### Recorded data:

=== Section Start ===

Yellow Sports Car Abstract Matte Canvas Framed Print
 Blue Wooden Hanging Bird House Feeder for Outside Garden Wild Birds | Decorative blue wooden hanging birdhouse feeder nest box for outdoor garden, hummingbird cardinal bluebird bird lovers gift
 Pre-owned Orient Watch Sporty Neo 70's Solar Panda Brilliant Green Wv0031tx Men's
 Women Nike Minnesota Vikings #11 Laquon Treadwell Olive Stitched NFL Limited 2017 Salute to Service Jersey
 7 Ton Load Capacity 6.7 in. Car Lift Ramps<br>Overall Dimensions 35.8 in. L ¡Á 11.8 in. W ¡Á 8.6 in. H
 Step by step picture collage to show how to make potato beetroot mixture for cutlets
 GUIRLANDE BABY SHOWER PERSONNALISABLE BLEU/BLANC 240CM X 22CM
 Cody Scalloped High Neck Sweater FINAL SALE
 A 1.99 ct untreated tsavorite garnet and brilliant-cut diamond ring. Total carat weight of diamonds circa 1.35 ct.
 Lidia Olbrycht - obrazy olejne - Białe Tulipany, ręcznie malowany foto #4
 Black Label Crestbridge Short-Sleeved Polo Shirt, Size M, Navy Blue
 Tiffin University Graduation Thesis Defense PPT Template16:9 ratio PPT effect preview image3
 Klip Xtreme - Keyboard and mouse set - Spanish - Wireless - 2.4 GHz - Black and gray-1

=== Section End ===

Please print verbatim each line from the first line of the entries above to the line that contains "Lidia Olbrycht - obrazy", inclusive, and nothing more.

### Your response:
Yellow Sports Car Abstract Matte Canvas Framed Print
 Blue Wooden Hanging Bird House Feeder for Outside Garden Wild Birds | Decorative blue wooden hanging birdhouse feeder nest box for outdoor garden, hummingbird cardinal bluebird bird lovers gift
 Pre-owned Orient Watch Sporty Neo 70's Solar Panda Brilliant Green Wv0031tx Men's
 Women Nike Minnesota Vikings #11 Laquon Treadwell Olive Stitched NFL Limited 2017 Salute to Service Jersey
 7 Ton Load Capacity 6.7 in. Car Lift Ramps<br>Overall Dimensions 35.8 in. L ¡Á 11.8 in. W ¡Á 8.6 in. H
 Step by step picture collage to show how to make potato beetroot mixture for cutlets
 GUIRLANDE BABY SHOWER PERSONNALISABLE BLEU/BLANC 240CM X 22CM
 Cody Scalloped High Neck Sweater FINAL SALE
 A 1.99 ct untreated tsavorite garnet and brilliant-cut diamond ring. Total carat weight of diamonds circa 1.35 ct.
 Lidia Olbrycht - obrazy olejne - Białe Tulipany, ręcznie malowany foto #4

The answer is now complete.